1. Field of the Invention
This invention relates generally to telecommunications systems and, more specifically, to a Sender-Address-Based Telecommunications operator call-back System and Method
2. Description of Related Art
Domestic and international callback has become a widely offered technology to assist companies and individuals to drastically reduce their long distance telephone charges. Since its introduction, companies in the United States and abroad have been overwhelmed by the demand for this new technology. Both domestic and international long distance charges are reduced because instead of routing calls through the local phone companies (either domestically or internationally), the callback system routes the calls through networks that are in place in the United States (at bulk pricing that tends to be much lower than that available to the public).
Conventionally, the callback process has required the user to dial an assigned telephone number, after which a variety of steps must be conducted; an example of one system is provided in FIG. 1.
FIG. 1 depicts the conventional callback process 10. As shown, the process 10 for a user to make a telephone call using the conventional callback system commences with the caller dialing a DID (“direct inward dialing”) telephone number 100. A DID phone number is a U.S.-based telephone number that is taken from a block of telephone numbers licensed by the callback service provider. When a subscriber begins service with a callback service provider, he or she is assigned their own personal DID phone number, which is now they access the callback services.
Subsequent to dialing their DID phone number, the caller must listen for the dialed number to ring 102. Upon hearing the ringing, the caller hangs up their telephone 104. These steps 100 through 104 constitute a “Manual Trigger” 126 of the conventional callback system; it is referred to as a “trigger” because it triggers the callback system to begin to provide an outgoing call to the caller.
Once triggered, the conventional callback system will cross-reference the DID phone number with a particular caller telephone number 106. The caller telephone number is recorded by the callback service during the account creation process as discussed more fully below in connection with FIG. 3. The “cross-referencing” described herein consists of the callback system searching its data files to determine what telephone number the caller would like to be called at (as recorded in connection with a particular DID phone number). Presumably, a programmable computer conducts this cross-referencing.
Next, the callback system dials the caller phone number 108 connected with the DID phone number dialed. When their phone rings, the caller must answer their telephone (the caller phone number) 110. Upon answering the call from the callback system, the caller would hear a dial tone 112. The caller then dials the “called phone number” 114; the called phone number is that country or area code and phone number for the number that the caller wishes to talk to. After receiving the called phone number from the caller, the callback system will dial the called telephone number 116. Once the called person answers their phone 118, the caller and the called person may conduct their conversation as they would normally.

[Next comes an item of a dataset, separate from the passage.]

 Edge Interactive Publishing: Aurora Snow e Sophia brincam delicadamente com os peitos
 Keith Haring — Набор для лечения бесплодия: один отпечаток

Upon completion of the call 120, the caller can end the call by hanging up 122; alternatively, he or she may press a button on their telephone that informs the callback system that they desire to make another telephone call 124. If the caller does this, he or she will be returned to step 112, where the callback system will provide him or her with a dial tone. If we now turn to FIG. 2, we can examine an alternate embodiment of the conventional callback process.
FIG. 2 depicts a conventional email trigger process 12 for the system depicted in FIG. 1. First, the caller drafts a triggering email that includes that caller's unique DID phone number in its subject line 200. This triggering email could be of the conventional type (i.e. generated on a personal computer), or it might be one using the “Short Message Service” (SMS) that is provided by many cellular telephone service providers.
Next, the caller sends the triggering email to the conventional callback system 202. These two steps (200 and 202) comprise the conventional email trigger process 204; once these two steps have been conducted, the conventional process discussed above in connection with FIG. 1 resumes at step #106. It should be recognized that the caller telephone number referred to in this process 12 is the same telephone number referred to in the process of FIG. 1. In other words, it does not matter whether the caller triggers the callback system manually or by email—the callback system will call the same caller phone number in either case. If we turn, now to FIG. 3, we can examine how a potential customer might set up a new account with the conventional callback service provider.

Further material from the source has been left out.